OKLAHOMA CITY -- Arthrocare ( ARTC) can now add a government investigation and an expanded class-action lawsuit to its long list of woes. The Austin, Texas-based medical device maker revealed on Thursday that the Securities and Exchange Commission has launched an informal inquiry into accounting issues related to a looming restatement that the company announced earlier this week. Meanwhile, securities attorneys have unveiled plans to broaden a class-action lawsuit that they filed against the company months ago. BMO analyst Joanne Wuensch has been bracing for such fallout. Even as she upgraded Arthrocare from underperform to market perform on Tuesday, citing the stock's low price after a 40% plunge, she portrayed news of the company's restatement as "likely just the first shoe to drop." Wuensch then set a new price target of $23 -- down a full $15 from her previous goal -- and specifically warned that possible government probes could prevent the stock from reaching that level. Although the shares quickly surpassed her target, climbing to a high of $27 on Wednesday, they fell back to $25.05 on news Thursday of the SEC inquiry. "And so it has begun," Wuensch mused upon first learning of Arthrocare's unreliable financial statements. "To quote Sir Walter Scott: 'Oh what a tangled web we weave, when first we practice to deceive.'" "With this piece of information in the public domain," she said of the pending restatement, "what is left is the question of what else is out there? Is there another shoe to fall? And how significant is it?"
Certainly, Arthrocare dropped the first bombshell without warning. Before announcing its planned restatement, Arthrocare kept insisting that it faced no major problems other than unfair attacks by short-sellers looking to profit on declines in its share price. In fact, just three months ago, Arthrocare was touting the fact that the Nasdaq had investigated its purchase of DiscoCare -- a mysterious outfit suspected of inflating Arthrocare's spine sales -- and promptly closed the probe without any findings of wrongdoing. "The company has no reason to believe that any other government action or regulatory inquiry, investigation or review relating to Arthrocare or DiscoCare is ongoing at this time," Arthrocare CEO Michael Baker proclaimed during the company's first-quarter conference call. In fact, "in our minds, this closes the matter." At the time, Arthrocare was handily beating Wall Street estimates -- and forecasting phenomenal growth for the future -- despite a sharp slowdown in its lucrative spine business. While Arthrocare's stock rallied on that bullish update, short-sellers never believed the company. By the time Arthrocare announced its looming restatement this week, bears had sold a full two-thirds of the company's stock short in anticipation of a big fall.
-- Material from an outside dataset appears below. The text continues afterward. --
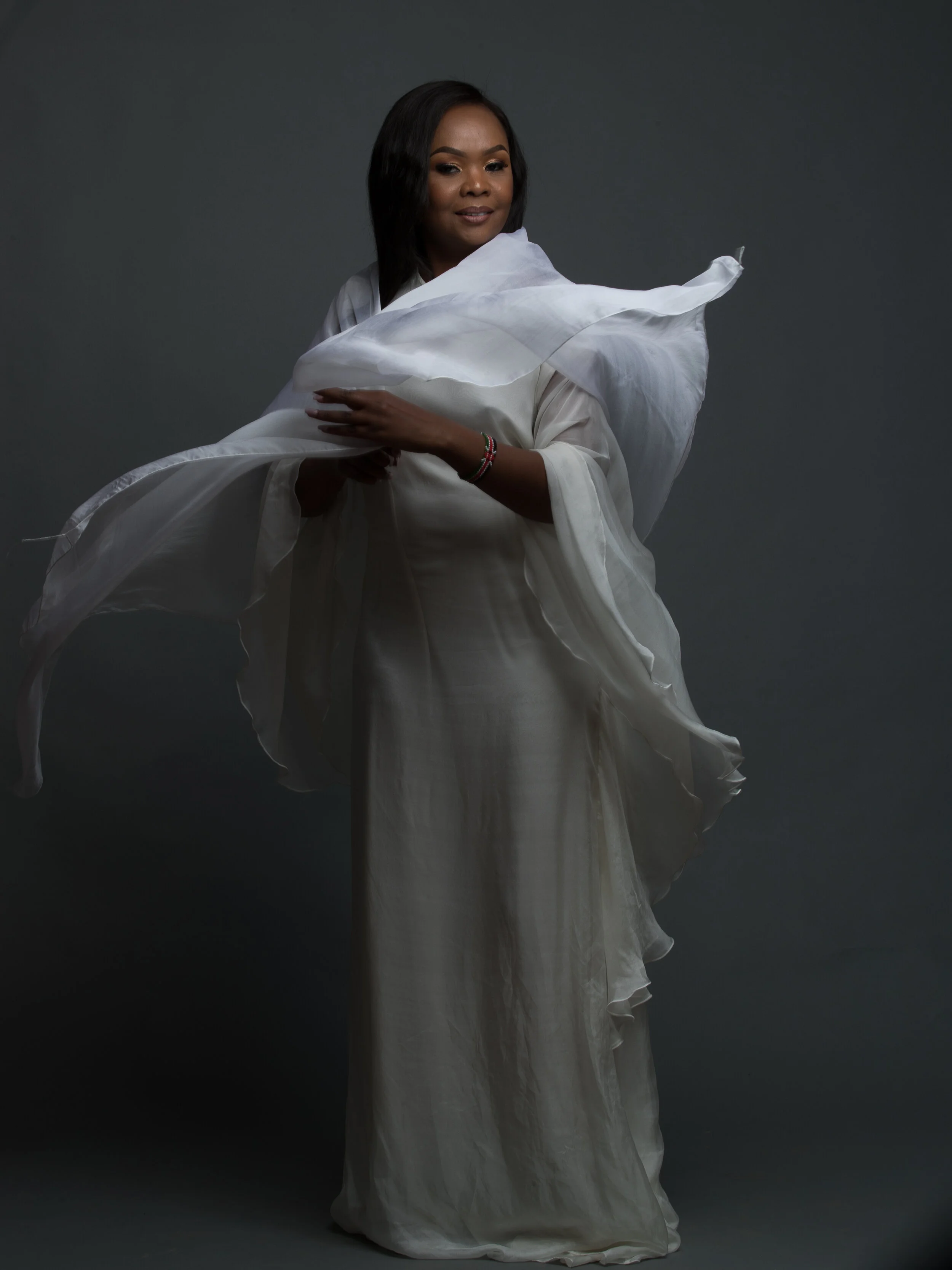 Ivory silk kaftan dress, £450 Silk chiffon Silk satin lining Dry clean only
"Companies rarely make disclosure changes for no reason," Gradient observed back in March. "Further, for this issue to be disclosed in the form of a modified disclosure, the change (or expected change) is expected to be material to the firm's financial results." Notably, in that modified disclosure, Arthrocare revealed that it sometimes books revenue before receiving payment so long as the sales price is "fixed and determinable" and the ordered goods have been shipped. This week, however, the company admitted that prices for products sold to several distributors "cannot be considered fixed or determinable" and that past sales must be restated -- and future practices changed -- as a result. At the same time that Gradient made its prescient call about Arthrocare's revenue-recognition practices, the firm raised serious questions about Arthrocare's purchase of DiscoCare as well. After closely examining Arthrocare's balance sheet, Gradient felt that the company had overpaid for DiscoCare and could face an imminent writedown going forward. Arthrocare shelled out $25 million for DiscoCare in late 2007, shortly after critics began exposing close ties between the two companies. After that acquisition, Gradient noted, Arthrocare listed a significant jump in goodwill and "other intangible assets" -- totaling 132% of DiscoCare's purchase price -- on the company's balance sheet. Since Arthrocare had announced no other acquisitions that could explain those increases, Gradient suggested, the company may have paid a high price for a firm with "very poor" assets on hand. Like many, Gradient wondered what exactly Arthrocare got for its money.
"The 10-K provided only sparse details about the nature of operations acquired from DiscoCare," Gradient complained this spring. "In fact, we found that ARTC actually redacted or omitted a significant level of financial information contained within the stock-purchase agreement for DiscoCare." On Monday, Arthrocare itself admitted that it had improperly accounted for that transaction. Specifically, Arthrocare revealed that it should not have treated the deal as a traditional "business combination" since DiscoCare served as a sales agent for the company already. Moreover, the company said that it had improperly recorded past sales to DiscoCare as well.
But BMO's Wuensch doubts that Arthrocare will attract any buyers soon. She remembers when Bausch & Lomb wound up in a similar situation. Once the company found problems in its books, she reminds, a full 18 months passed -- bringing a slew of new problems -- before it finally sold itself. "Once an accounting group gets into an organization to start looking at it," Wuensch concluded on Tuesday, "there are many rocks that need to be turned over in the process of giving an 'all-clear' signal."